Zum dritten Mal in Folge ist die deutsche Nationalmannschaft bei einer Weltmeisterschaft früh ausgeschieden. Nach dem Vorrunden-Aus 2018 in Russland und 2022 in Katar reichte es diesmal immerhin für die K.o.-Phase. Ob das Sechzehntelfinale eine echte Steigerung darstellt, ist umstritten. Die Ursachen für das frühe Scheitern sind vielfältig, hatten sich in den Wochen vor dem Turnier jedoch bereits abgezeichnet.
Torwartdebatte und Kaderzusammenstellung
Ein zentraler Punkt war die anhaltende Torwartdebatte. Bundestrainer Hansi Flick wechselte mehrfach zwischen Manuel Neuer und Marc-André ter Stegen, was für Unruhe sorgte. Zudem gilt der Kader als schief zusammengestellt: Es fehlten echte Führungsspieler und die Mischung aus Erfahrung und Jugend stimmte nicht.
Schwache Form und mangelnde Abstimmung
Viele Schlüsselspieler präsentierten sich in schwacher Form. Die Abwehr wirkte anfällig, das Mittelfeld ideenlos. Die Abstimmung im Team ließ zu wünschen übrig, was auf zu wenig gemeinsame Vorbereitungszeit zurückgeführt wird. Laut DFB-Sportdirektor Rudi Völler habe man „nie zu einer stabilen Einheit gefunden“.
Taktische Unsicherheit und fehlende Alternative
Taktisch zeigte sich die Mannschaft unsicher. Flick wechselte mehrfach das System, ohne dass sich eine klare Linie abzeichnete. Zudem fehlten Alternativen für den Ausfall von Stammkräften. Die Bank war nicht mit Spielern besetzt, die das Spiel entscheidend verändern konnten.
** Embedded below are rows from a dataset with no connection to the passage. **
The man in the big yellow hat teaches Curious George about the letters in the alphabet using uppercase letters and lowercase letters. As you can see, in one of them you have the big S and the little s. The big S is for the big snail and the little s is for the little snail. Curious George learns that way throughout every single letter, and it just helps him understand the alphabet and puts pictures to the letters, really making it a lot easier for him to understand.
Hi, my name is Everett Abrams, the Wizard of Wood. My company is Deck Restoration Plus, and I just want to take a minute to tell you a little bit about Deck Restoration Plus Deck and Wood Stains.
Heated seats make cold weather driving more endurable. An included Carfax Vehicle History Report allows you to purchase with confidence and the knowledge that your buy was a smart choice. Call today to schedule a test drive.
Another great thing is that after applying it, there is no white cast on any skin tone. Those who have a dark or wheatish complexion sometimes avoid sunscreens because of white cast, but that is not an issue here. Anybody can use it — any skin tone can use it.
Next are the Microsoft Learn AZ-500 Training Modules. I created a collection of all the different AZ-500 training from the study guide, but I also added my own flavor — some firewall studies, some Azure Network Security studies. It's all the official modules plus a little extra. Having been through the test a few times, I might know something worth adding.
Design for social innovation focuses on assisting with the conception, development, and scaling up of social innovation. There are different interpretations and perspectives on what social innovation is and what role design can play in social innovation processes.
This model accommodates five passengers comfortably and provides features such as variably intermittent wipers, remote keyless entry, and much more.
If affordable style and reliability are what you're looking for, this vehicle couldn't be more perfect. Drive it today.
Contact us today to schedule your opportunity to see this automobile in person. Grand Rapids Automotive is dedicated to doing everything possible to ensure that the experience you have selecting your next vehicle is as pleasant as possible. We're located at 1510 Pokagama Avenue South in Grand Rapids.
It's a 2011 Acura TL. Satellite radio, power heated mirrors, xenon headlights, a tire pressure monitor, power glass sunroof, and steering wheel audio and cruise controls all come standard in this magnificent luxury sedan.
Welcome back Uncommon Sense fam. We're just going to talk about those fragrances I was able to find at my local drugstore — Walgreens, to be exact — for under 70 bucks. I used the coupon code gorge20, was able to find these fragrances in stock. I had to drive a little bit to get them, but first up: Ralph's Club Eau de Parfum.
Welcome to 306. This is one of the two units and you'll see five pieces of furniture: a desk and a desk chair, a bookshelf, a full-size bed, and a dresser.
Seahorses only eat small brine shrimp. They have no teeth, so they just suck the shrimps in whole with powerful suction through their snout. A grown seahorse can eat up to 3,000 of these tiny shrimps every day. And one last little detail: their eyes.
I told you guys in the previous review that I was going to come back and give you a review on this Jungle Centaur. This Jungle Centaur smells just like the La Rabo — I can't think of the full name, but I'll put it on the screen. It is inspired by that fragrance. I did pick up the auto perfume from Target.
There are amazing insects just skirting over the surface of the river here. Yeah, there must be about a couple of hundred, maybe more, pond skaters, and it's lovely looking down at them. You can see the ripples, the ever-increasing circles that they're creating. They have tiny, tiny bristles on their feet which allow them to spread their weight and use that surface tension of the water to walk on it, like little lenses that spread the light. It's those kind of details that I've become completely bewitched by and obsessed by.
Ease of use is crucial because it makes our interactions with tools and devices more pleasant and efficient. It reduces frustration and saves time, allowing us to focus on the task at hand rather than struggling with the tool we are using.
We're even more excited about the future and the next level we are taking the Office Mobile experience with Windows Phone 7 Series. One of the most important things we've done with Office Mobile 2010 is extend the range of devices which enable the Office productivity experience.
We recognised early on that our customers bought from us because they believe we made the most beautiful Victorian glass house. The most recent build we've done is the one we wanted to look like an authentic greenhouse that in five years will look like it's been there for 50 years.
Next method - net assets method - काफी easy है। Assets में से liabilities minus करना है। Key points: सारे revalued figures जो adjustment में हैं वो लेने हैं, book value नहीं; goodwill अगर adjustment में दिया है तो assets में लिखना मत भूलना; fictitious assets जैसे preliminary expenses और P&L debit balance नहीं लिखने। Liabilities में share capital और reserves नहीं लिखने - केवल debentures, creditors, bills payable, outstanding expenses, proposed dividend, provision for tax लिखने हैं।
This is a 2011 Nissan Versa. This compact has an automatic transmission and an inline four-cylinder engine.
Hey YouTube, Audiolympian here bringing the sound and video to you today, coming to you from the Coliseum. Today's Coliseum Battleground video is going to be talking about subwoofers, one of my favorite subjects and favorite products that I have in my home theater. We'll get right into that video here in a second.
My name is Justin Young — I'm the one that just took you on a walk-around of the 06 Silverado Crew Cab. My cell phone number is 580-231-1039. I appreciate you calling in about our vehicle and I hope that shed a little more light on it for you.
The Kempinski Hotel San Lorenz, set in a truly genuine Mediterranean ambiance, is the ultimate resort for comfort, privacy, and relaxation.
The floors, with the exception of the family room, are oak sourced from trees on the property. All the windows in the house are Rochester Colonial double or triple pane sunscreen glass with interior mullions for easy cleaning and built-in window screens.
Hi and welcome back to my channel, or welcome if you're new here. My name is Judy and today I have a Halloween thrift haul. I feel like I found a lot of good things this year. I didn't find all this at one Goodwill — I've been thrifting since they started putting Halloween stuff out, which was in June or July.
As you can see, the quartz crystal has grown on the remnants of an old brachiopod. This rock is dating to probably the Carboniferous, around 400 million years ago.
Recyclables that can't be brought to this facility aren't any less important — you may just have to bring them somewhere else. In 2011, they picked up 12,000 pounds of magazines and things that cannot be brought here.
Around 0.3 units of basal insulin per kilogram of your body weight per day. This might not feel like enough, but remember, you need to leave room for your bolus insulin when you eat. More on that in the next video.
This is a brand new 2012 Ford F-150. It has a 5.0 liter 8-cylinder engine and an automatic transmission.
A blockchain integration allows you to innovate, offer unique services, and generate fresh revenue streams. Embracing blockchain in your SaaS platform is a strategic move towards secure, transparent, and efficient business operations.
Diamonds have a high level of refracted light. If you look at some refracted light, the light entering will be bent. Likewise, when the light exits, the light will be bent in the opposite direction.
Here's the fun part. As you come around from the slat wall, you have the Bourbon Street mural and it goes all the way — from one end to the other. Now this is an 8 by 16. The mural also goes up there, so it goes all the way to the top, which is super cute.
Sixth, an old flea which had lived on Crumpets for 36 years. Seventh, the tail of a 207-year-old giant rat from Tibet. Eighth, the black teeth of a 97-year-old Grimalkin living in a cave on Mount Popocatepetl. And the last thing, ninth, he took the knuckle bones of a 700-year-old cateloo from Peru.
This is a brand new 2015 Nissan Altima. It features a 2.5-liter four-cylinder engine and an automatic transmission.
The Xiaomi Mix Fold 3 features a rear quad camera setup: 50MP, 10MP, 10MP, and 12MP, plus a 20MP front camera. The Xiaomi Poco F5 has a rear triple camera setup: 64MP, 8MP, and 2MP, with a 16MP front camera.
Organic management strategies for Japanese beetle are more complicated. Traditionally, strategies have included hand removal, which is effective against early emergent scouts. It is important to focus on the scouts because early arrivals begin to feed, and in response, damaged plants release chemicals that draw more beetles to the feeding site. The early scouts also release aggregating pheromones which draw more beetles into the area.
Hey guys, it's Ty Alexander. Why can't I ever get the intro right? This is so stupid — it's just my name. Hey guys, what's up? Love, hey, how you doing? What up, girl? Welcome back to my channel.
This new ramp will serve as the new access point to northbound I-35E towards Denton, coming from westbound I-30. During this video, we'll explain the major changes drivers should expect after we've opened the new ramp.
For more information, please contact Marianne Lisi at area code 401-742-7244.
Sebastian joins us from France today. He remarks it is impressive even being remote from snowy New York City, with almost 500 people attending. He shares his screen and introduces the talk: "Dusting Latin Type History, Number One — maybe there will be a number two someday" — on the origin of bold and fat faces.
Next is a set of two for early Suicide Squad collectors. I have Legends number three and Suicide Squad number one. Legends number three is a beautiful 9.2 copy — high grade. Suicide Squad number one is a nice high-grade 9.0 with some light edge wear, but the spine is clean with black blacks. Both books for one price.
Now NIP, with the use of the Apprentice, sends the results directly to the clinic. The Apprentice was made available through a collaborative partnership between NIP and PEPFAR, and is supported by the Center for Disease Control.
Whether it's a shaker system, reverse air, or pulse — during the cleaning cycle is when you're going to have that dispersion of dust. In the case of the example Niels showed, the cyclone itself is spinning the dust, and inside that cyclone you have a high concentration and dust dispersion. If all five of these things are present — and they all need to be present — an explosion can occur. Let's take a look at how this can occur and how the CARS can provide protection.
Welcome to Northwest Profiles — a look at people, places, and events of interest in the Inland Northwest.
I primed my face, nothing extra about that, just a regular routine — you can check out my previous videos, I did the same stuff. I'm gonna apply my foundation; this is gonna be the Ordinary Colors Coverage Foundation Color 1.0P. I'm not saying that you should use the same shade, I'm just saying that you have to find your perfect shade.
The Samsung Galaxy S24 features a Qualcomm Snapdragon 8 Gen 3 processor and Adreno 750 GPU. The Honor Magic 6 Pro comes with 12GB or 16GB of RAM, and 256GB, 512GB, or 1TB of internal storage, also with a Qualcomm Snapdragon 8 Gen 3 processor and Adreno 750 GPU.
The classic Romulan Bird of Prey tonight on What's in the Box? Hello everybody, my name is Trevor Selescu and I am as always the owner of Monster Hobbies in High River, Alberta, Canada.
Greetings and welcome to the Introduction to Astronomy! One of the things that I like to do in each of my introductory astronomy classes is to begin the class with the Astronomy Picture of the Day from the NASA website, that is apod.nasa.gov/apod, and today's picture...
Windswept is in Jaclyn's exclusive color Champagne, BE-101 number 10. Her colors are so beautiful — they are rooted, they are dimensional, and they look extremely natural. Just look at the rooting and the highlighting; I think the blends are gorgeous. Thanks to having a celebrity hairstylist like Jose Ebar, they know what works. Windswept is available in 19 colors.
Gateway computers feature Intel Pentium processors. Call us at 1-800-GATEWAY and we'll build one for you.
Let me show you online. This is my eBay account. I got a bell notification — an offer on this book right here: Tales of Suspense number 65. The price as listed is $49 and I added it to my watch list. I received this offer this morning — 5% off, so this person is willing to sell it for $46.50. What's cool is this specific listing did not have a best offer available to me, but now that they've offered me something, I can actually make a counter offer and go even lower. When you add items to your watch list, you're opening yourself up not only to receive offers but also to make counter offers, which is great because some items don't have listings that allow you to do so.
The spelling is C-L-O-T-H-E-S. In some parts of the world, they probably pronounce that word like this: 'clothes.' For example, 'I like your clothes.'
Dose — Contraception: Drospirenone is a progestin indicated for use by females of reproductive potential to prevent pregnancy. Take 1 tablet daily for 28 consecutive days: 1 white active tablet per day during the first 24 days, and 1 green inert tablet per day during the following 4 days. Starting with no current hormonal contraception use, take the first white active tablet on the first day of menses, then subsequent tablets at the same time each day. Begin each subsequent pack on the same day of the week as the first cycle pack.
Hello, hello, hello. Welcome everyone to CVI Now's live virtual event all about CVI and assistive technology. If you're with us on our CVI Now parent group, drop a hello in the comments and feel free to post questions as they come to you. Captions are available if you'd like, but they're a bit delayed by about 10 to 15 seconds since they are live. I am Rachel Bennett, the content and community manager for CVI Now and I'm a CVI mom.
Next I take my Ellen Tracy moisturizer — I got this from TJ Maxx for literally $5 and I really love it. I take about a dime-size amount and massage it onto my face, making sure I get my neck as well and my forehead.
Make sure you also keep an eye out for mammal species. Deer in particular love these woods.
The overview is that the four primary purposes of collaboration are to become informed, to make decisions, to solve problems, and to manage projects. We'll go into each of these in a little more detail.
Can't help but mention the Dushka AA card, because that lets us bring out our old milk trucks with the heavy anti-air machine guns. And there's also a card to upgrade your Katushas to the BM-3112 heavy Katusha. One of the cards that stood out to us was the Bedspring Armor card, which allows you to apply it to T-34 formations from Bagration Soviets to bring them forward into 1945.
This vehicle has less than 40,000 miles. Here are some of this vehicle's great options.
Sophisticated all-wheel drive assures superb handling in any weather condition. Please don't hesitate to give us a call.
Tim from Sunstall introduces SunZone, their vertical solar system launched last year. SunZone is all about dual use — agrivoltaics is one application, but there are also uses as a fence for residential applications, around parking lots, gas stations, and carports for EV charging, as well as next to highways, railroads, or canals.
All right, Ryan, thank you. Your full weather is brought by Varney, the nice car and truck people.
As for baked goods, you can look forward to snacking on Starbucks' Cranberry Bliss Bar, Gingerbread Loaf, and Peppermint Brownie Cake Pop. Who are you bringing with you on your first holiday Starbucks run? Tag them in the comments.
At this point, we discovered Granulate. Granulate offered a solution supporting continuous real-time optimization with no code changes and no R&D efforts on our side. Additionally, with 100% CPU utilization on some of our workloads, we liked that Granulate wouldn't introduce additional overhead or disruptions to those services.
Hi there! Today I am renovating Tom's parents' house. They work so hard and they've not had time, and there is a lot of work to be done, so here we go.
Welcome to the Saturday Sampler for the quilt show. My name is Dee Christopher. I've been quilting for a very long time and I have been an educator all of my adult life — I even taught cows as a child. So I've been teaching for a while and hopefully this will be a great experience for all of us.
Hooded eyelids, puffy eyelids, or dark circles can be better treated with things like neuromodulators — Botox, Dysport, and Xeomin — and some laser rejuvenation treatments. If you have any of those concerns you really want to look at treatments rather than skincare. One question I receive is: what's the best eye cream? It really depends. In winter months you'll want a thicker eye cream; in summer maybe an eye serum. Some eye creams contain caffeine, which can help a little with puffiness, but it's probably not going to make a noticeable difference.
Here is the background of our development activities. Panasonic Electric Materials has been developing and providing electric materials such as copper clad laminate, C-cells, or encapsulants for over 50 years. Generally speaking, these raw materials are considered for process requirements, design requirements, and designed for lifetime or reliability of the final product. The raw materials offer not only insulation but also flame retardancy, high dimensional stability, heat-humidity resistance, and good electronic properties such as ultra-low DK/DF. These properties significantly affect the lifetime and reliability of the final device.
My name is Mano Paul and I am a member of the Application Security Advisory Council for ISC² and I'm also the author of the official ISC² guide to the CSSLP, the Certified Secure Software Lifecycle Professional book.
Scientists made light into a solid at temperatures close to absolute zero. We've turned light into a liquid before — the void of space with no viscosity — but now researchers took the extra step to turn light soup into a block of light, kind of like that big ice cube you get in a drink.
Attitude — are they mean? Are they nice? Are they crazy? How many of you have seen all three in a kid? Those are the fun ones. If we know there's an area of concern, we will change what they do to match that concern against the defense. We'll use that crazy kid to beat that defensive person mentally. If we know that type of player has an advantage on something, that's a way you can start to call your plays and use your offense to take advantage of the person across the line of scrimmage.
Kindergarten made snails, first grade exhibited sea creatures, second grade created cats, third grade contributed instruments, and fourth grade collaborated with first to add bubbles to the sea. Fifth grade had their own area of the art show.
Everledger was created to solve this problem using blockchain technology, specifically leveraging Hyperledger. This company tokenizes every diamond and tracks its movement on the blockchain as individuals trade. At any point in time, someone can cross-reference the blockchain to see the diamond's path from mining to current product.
Mentale Blockade und Druck
Die mentale Verfassung der Spieler trug ebenfalls zum Scheitern bei. Nach den Enttäuschungen der letzten Turniere lastete großer Druck auf dem Team. In entscheidenden Momenten fehlte die nötige Lockerheit. „Wir haben uns selbst unter Druck gesetzt und konnten unser Potenzial nicht abrufen“, sagte Kapitän Joshua Kimmich nach dem Aus.
Verletzungspech und Nachwuchsprobleme
Hinzu kam Verletzungspech: Leistungsträger wie Leon Goretzka fielen aus oder waren nicht fit. Auch die Nachwuchsarbeit wurde kritisiert. Im Gegensatz zu anderen Nationen bringt Deutschland zu wenig junge Spieler mit internationalem Format hervor. Die Talente der U21 schaffen den Sprung in die A-Nationalmannschaft selten.
Fazit: Strukturelle Probleme
Die zehn Gründe zeigen, dass das frühe Aus kein Zufall ist. Strukturelle Probleme im DFB, von der Kaderplanung bis zur Trainerarbeit, müssen dringend angegangen werden. Für die Heim-EM 2024 bleibt wenig Zeit, um die Wende zu schaffen.